Moses was a lawgiver. It was through Moses that God's people were given the law. According to many of the churches, Jesus is the One who abolished the laws Moses presented. If this is true, then our example begins with Moses, and concludes with Jesus. If this makes sense to you, more power to you. But for me I think the substance clings to the shadow a bit closer than the last image presented.

18And he gave unto Moses, when he had made an end of communing with him upon mount Sinai, two tables of testimony, tables of stone, written with the finger of God. (Ex 31:)

12And the LORD said unto Moses, Come up to me into the mount, and be there: and I will give thee tables of stone, and a law, and commandments which I have written; that thou mayest teach them. (Ex 24:)

18And Moses went into the midst of the cloud, and gat him up into the mount: and Moses was in the mount forty days and forty nights. (Ex 24:)

Did you notice that Moses is not alone during his trek up the mountain? Joshua is there with him. Just how far Joshua went is up for debate, but it seems rather clear that while Moses had nothing to eat or drink for 40 days, neither did his servant Joshua.

I've heard tell that we can go a long time without eating. I suspect 40 days would have depleted any excess fat Moses might have been carrying. However as I understand it, 3 days to a week is as long as a person can go without water, especially in a desert situation, and climbing high mountains to boot. Wouldn't you call this a miracle? I wonder why no one has said anything about this miracle in my hearing?

Second, notice that God gave Moses the tables of stone with the Ten Commandments written on them. Is this significant? I think so, especially since this is part of the shadow we're looking into, the substance of that shadow we're supposing effects us today.

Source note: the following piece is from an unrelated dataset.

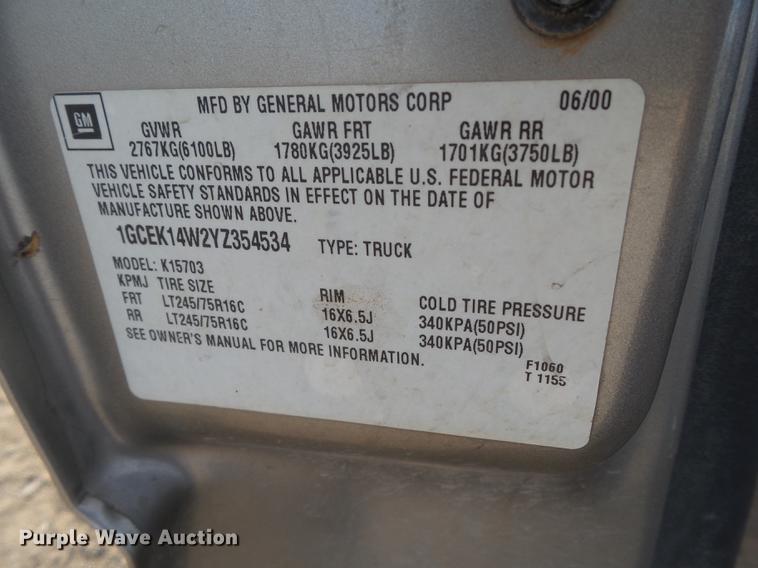 image for item EN9501 2000 Chevrolet Silverado 1500 pickup truck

1And the LORD said unto Moses, Hew thee two tables of stone like unto the first: and I will write upon these tables the words that were in the first tables, which thou brakest. (Ex 34:)

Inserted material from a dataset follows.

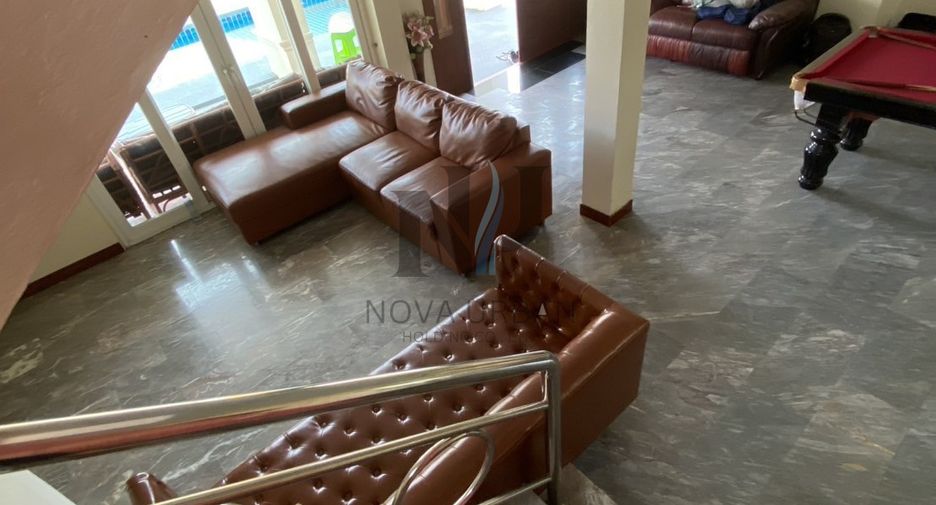 Villa zum Kauf mit 4 Zimmer in Jomtien, Pattaya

28And he was there with the LORD forty days and forty nights; he did neither eat bread, nor drink water. And he wrote upon the tables the words of the covenant, the ten commandments. (Ex 34:)

In these verses we find many issues that deserve a comment. First we see where Moses was the very first person to break the commandments, and he broke them all at one time. Second we see where Moses had to hew out the stones for the Ten Commandments, where the first time God did all the work. Third we find that Moses again spent 40 days on the mountain without food or water. And forth the commandments were the very same (in this new set, the New Covenant) as those in the first covenant, the first set of tablets of stone.

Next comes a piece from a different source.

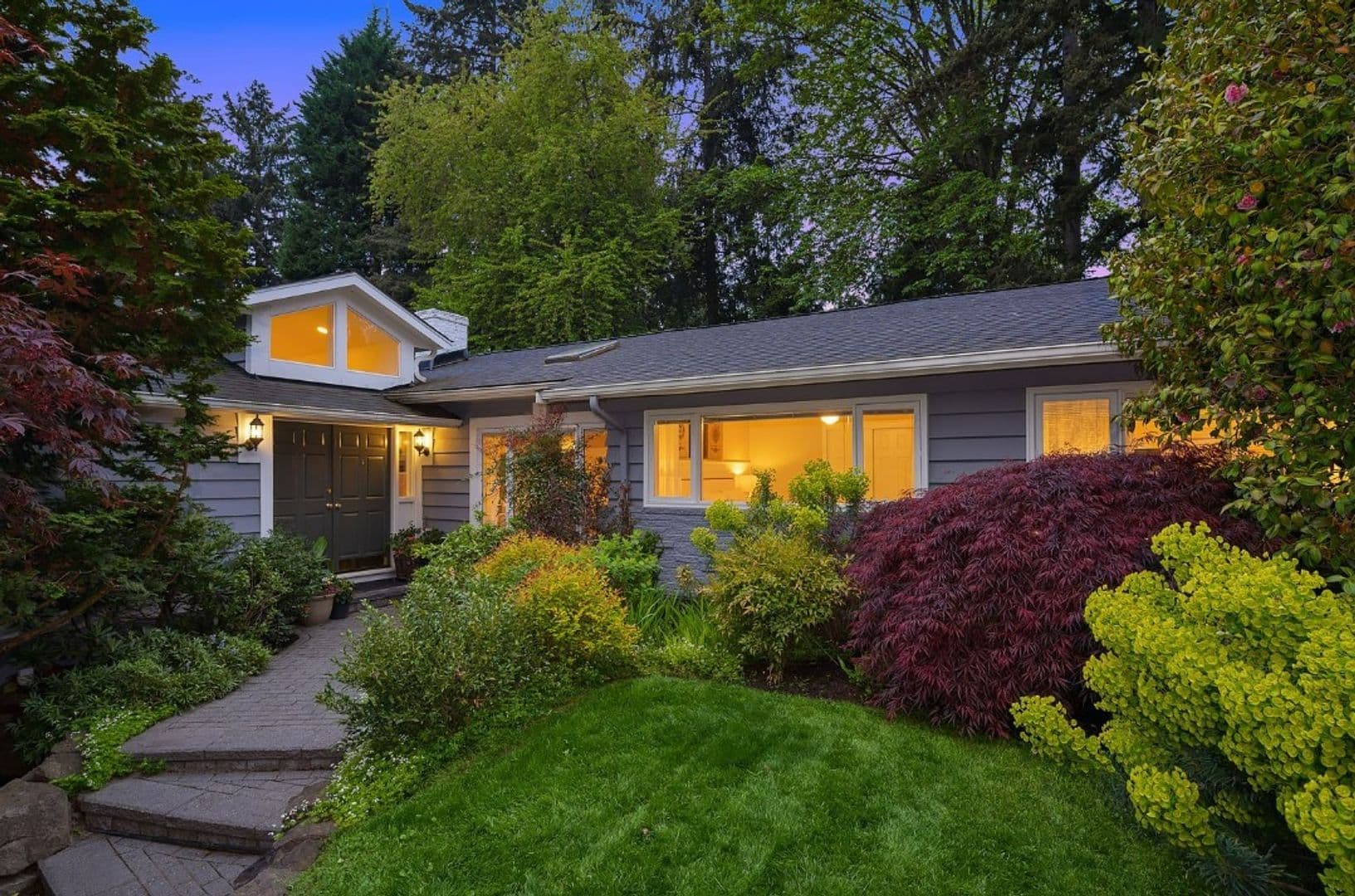 Medina House: 2647 80th Ave NE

29And it came to pass, when Moses came down from mount Sinai with the two tables of testimony in Moses' hand, when he came down from the mount, that Moses wist not that the skin of his face shone while he talked with him. 30And when Aaron and all the children of Israel saw Moses, behold, the skin of his face shone; and they were afraid to come nigh him. 31And Moses called unto them; and Aaron and all the rulers of the congregation returned unto him: and Moses talked with them. 32And afterward all the children of Israel came nigh: and he gave them in commandment all that the LORD had spoken with him in mount Sinai. 33And till Moses had done speaking with them, he put a veil on his face. 34But when Moses went in before the LORD to speak with him, he took the veil off, until he came out. And he came out, and spake unto the children of Israel that which he was commanded. 35And the children of Israel saw the face of Moses, that the skin of Moses' face shone: and Moses put the veil upon his face again, until he went in to speak with him. (Ex 34:)

Moses was given commandments by the Lord, and those commandments he relayed to the people. Jesus said:

49For I have not spoken of myself; but the Father which sent me, he gave me a commandment, what I should say, and what I should speak. 50And I know that his commandment is life everlasting: whatsoever I speak therefore, even as the Father said unto me, so I speak. (John 12:)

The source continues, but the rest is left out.